◆ RECORDED DATA:
□ □ □ □ □

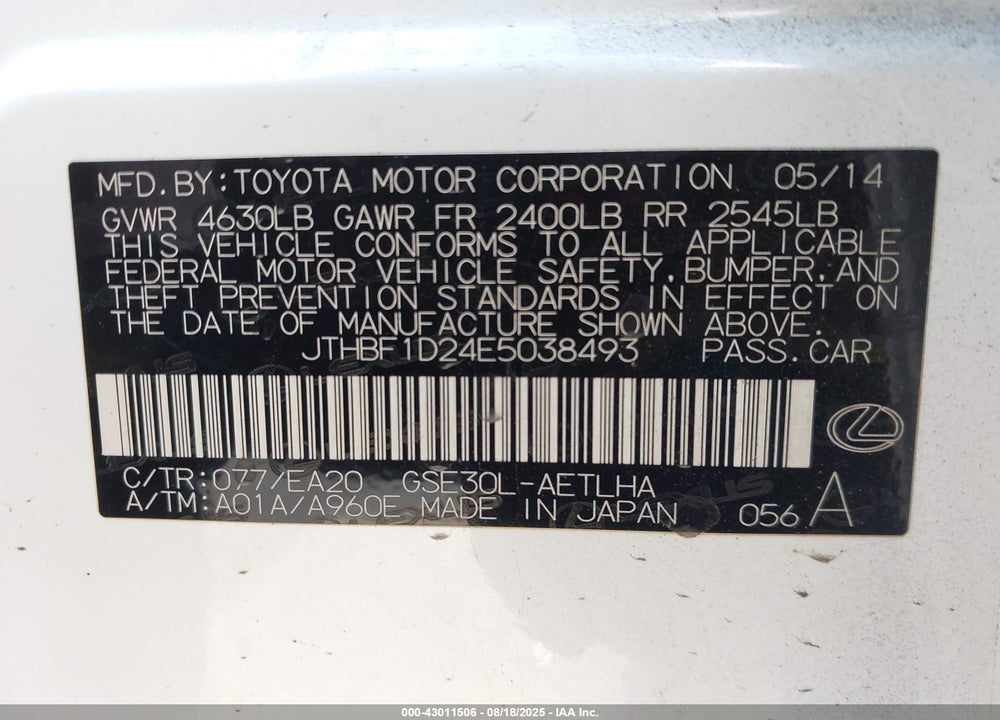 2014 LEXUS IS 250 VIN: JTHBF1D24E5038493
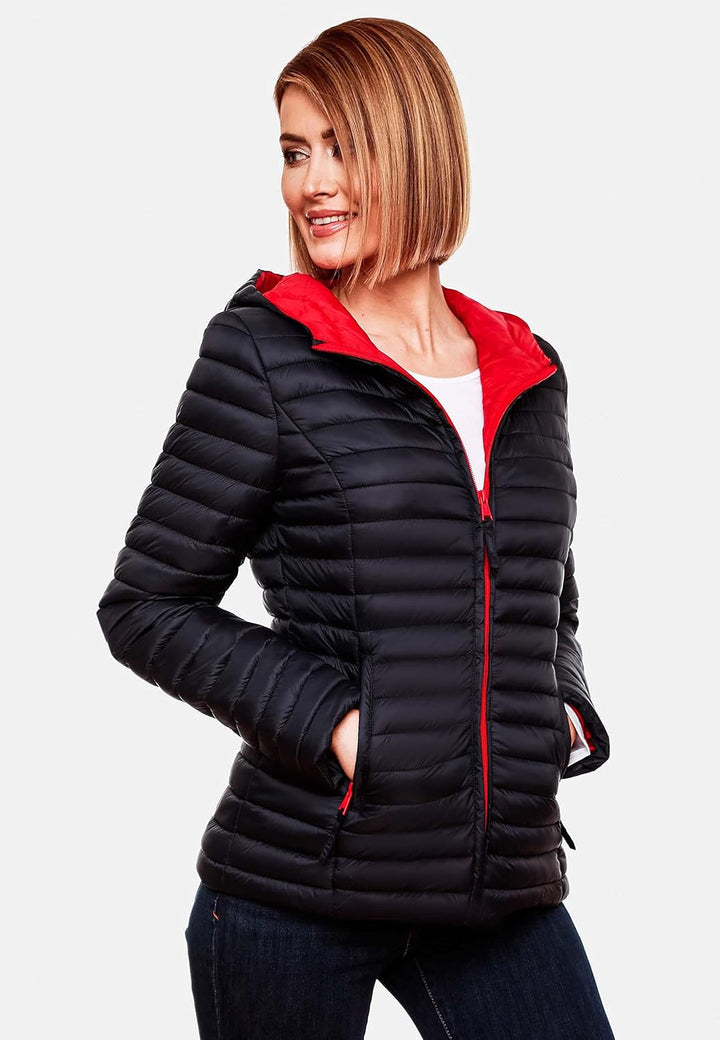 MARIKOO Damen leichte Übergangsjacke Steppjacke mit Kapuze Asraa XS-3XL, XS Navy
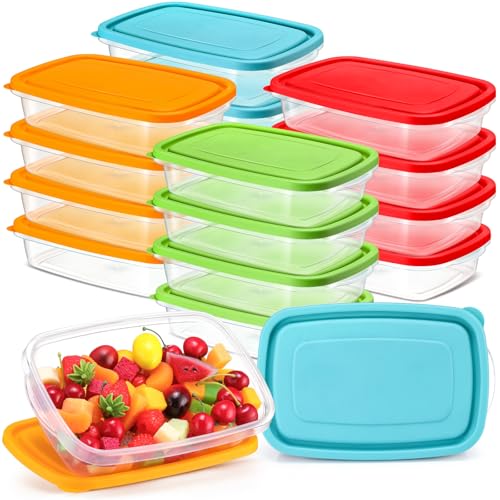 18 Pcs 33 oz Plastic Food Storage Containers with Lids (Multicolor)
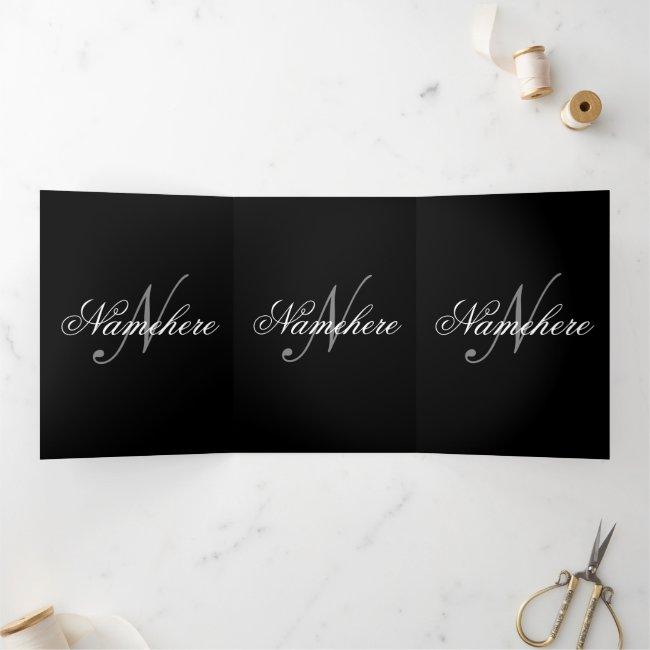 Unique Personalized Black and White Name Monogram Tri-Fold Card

□ □ □ □ □

◆ THE PROBLEM: The material above must be printed exactly, with its pictures left out.

◆ WRITTEN RESPONSE:
 2014 LEXUS IS 250 VIN: JTHBF1D24E5038493
 MARIKOO Damen leichte Übergangsjacke Steppjacke mit Kapuze Asraa XS-3XL, XS Navy
 18 Pcs 33 oz Plastic Food Storage Containers with Lids (Multicolor)
 Unique Personalized Black and White Name Monogram Tri-Fold Card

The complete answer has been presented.